Michael Niedermayr gave me the hint, that gcc might address memory
operands through %esp, so modifying the stack pointer with push/pop
is not gueranteed to work under all conditions.

One way would be, to backup the register to the stack manually, without
modifiying %esp, but this might not be necessary.

#if defined(PIC) && !defined(ARCH_X86_64)
            "push %%"REG_a"                     \n\t"
            "movl %2, %%"REG_a"                 \n\t"
            "movq (%%"REG_a"), %%mm5            \n\t" // qmat[0]
            "pop %%"REG_a"                      \n\t"
#else
            "movq (%2), %%mm5                   \n\t" // qmat[0]
#endif
            "pxor %%mm6, %%mm6                  \n\t"
            "psubw (%3), %%mm6                  \n\t" // -bias[0]
            "mov $-128, %%"REG_a"               \n\t"

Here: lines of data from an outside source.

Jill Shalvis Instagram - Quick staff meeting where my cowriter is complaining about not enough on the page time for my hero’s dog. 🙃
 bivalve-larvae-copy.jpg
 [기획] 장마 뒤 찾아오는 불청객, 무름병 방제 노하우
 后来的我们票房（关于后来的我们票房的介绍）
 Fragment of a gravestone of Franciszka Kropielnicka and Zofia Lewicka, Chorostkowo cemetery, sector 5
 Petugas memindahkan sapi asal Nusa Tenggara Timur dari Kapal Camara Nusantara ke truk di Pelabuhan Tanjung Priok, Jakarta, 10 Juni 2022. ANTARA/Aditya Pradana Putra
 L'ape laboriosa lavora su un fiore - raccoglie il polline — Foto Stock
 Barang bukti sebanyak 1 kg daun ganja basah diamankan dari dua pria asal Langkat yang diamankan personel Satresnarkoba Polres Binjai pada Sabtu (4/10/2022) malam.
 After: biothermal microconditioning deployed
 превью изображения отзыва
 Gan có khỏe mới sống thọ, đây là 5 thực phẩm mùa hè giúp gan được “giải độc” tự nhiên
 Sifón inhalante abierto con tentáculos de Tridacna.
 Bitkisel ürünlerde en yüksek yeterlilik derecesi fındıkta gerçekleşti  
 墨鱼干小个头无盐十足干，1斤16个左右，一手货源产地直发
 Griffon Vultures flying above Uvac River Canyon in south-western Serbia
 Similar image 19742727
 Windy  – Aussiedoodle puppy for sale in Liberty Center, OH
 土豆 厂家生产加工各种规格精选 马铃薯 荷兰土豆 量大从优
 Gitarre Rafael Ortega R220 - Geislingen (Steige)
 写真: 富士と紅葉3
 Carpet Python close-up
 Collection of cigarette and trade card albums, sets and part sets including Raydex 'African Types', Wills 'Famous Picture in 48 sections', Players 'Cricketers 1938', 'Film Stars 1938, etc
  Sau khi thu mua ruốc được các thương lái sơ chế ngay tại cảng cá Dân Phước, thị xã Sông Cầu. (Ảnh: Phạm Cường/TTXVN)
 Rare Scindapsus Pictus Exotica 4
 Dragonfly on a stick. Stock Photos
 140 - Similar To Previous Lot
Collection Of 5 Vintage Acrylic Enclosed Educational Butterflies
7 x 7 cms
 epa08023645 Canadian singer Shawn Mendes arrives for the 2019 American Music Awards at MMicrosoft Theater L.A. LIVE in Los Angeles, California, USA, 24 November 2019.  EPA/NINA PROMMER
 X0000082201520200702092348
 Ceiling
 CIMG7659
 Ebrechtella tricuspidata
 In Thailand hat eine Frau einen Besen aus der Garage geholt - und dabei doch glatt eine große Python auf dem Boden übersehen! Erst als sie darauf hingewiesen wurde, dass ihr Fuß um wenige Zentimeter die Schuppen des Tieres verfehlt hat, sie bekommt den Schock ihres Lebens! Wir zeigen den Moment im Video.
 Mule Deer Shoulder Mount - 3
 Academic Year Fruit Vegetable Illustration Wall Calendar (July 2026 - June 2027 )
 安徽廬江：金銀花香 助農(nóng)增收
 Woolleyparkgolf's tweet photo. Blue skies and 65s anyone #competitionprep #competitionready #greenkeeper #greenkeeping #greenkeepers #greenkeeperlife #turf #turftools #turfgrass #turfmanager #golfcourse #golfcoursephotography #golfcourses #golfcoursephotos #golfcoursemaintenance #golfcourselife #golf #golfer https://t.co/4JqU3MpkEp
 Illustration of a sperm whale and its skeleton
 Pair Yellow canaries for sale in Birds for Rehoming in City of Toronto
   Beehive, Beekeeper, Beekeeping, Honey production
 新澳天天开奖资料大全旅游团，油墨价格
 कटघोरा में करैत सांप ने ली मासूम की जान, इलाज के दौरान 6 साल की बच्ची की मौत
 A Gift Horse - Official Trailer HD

push/pop seem to be not necessary at all here, because REG_a gets
loaded with $-128 and isn't used before, therefore no need to back
it up. This can be reduced to (couldn't test this yet):

#if defined(PIC) && !defined(ARCH_X86_64)
            "movl %2, %%"REG_a"                 \n\t"
            "movq (%%"REG_a"), %%mm5            \n\t" // qmat[0]
#else
            "movq (%2), %%mm5                   \n\t" // qmat[0]
#endif
            "pxor %%mm6, %%mm6                  \n\t"
            "psubw (%3), %%mm6                  \n\t" // -bias[0]
            "mov $-128, %%"REG_a"               \n\t"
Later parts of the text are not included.